Tuesday 10 January 2012

Exchange of Soldiers & Terrorists Dead Bodies


Peshawar – The bodies of 10 Pakistan Army soldiers killed during a clash with fighters of the Tehrik-e-Taliban Pakistan (TTP) in Orakzai Agency on December 21 were returned to the military authorities on Monday in exchange for 10 bodies of the militants reported The News.
Military sources said a group of TTP fighters had attacked a security checkpost, called “Maqsood Post”, near Daboori in Orakzai tribal region on December 21 and 10 soldiers had died fighting the militants who reportedly wanted to capture them alive. The security post was manned by the Pakistan Army soldiers.
Pleading anonymity, a senior military official said the troops fought till the last bullet and killed a number of militants. They said 10 soldiers died fighting and the militants took away their bodies and kept them in their hideouts in the mountains of Orakzai Agency. “The militants had killed our soldiers and taken away their bodies along with them. We had killed their people and taken possession of the bodies left behind by the TTP fighters. With the help of tribal elders, we managed to exchange the bodies,” the official said.
He said none among the slain security personnel was of officer rank. He added that the bodies had not been damaged as they were kept in Orakzai Agency where the temperature was quite cold these days.

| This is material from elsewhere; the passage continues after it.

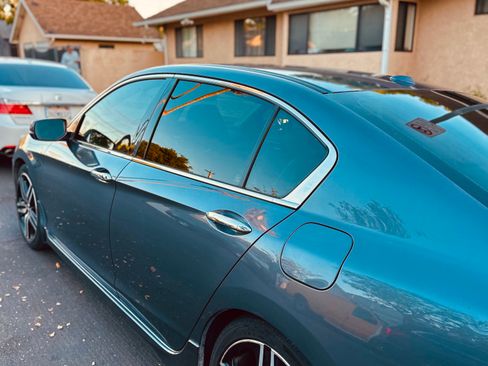 Used 2017 Honda Accord Touring image 9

TTP spokesman Ihsanullah Ihsan claimed responsibility for killing the soldiers and said their fighters had taken away these bodies. “We had left behind five bodies of our slain fighters while taking away the 10 bodies of slain soldiers. After a series of talks, we exchanged the bodies on Monday. We gave them bodies of their soldiers and they returned the bodies of our fighters,” the TTP spokesman said.
The bodies of another five militants killed during a raid by the paramilitary Frontier Corps (FC) in Karamna area of Landikotal Tehsil of Khyber Agency were also returned to the TTP in exchange for bodies of the slain soldiers.
The militants said senior militant commander Qari Kamran, who was affiliated with commander Tariq Afridi, the TTP leader for Darra Adamkhel and Khyber Agency, had also been killed along with other militants. The militants on January 5 killed 15 Frontier Constabulary personnel and called it a revenge for the killing of Qari Kamran. The FC men were kidnapped by the militants during an attack on their fort in the Mullazai area of the Frontier Region Tank on December 23.
Pakistani security officials said Orakzai Agency was the most favoured place for the militants.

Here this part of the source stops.